College/ Department: Department of Kinesiology
Major: MAEd in Physical Education Pedagogy
Hometown: Jacksonville, NC
Hobbies & Interests: Running, tennis, basketball, and trying new things
Clubs & Organizations: NCAAHPERD-SM
My favorite place on campus is the Rec Center when I am not teaching in there. Lately, majority of my time spent on campus is in the academic side of Minges.
Any class that allowed me to go into a school setting and teach. It is one thing to hear/read lectures but I always preferred practicing what I learn.
It was not my first choice when I came to ECU for undergrad. I ended up switching into it at the end of freshman year because part of me figured it would be a good fit for me. I was always active and involved in sports and wanted to get into coaching as well. What really got me hooked though was my first observation of a physical education class. It was at an elementary school just down the road. After watching the first class, I knew right then that this is what I wanted to do. Sounds cliché, I know. After graduating from undergrad, I decided it would be best to go ahead and enroll in grad school to pursue my masters.
Growing up I would never have thought of attending ECU. Mainly in part to the fact that I grew up far from eastern North Carolina until the start of 8th grade. However, it was the best school for my original intending major and thankfully lucked out when I switch to physical education. I could not have asked for anything better.
After graduation, my main focus would be to teach physical education at the elementary level. Unfortunately, you normally have to wait till someone leaves, retires, or dies before getting a job.
Long term goal would be to teach as long as I can in the K-12 school setting. After that though I could see myself working at the university level to prepare future physical educators.

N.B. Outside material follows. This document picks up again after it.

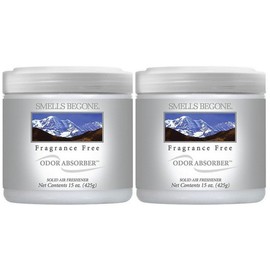 Smells Begone Air Freshener Odor Absorber Gel - Absorbs and Eliminates Odor in Pet Areas, Bathrooms, Cars, & Boats - Fragrance Free - 15 Ounce - 2 Pack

My favorite aspect of physical education is that there is more to it than people realize. Typically, people assume that physical educators just “roll the ball out.” That’s not all programs though. There is more good than bad. In a well-designed program, students are actively learning more than just how to throw a ball. They learn social responsibility skills that may not be taught in the classroom. They learn to strategize a plan to complete a goal/task either alone or with a group. You can incorporate real life settings to the subjects learned in the classroom. Students learn differently and physical education can provide a unique learning environment to a variety of students. My second favorite would be actually teaching, and although they can be stressful, the few good moments outshine all the negative things.
I am involved with a research that looks into the professional development engagement of undergraduate students in physical education and how it relates to their quality of teaching as well as job placement.
1) Always find at least one good thing that happened to you during the day, no matter what.
2) Get involved with organizations. Either at the state, region, or national level. Attend workshops and get to know the professionals in the area.
3) Take every possible opportunity to learn.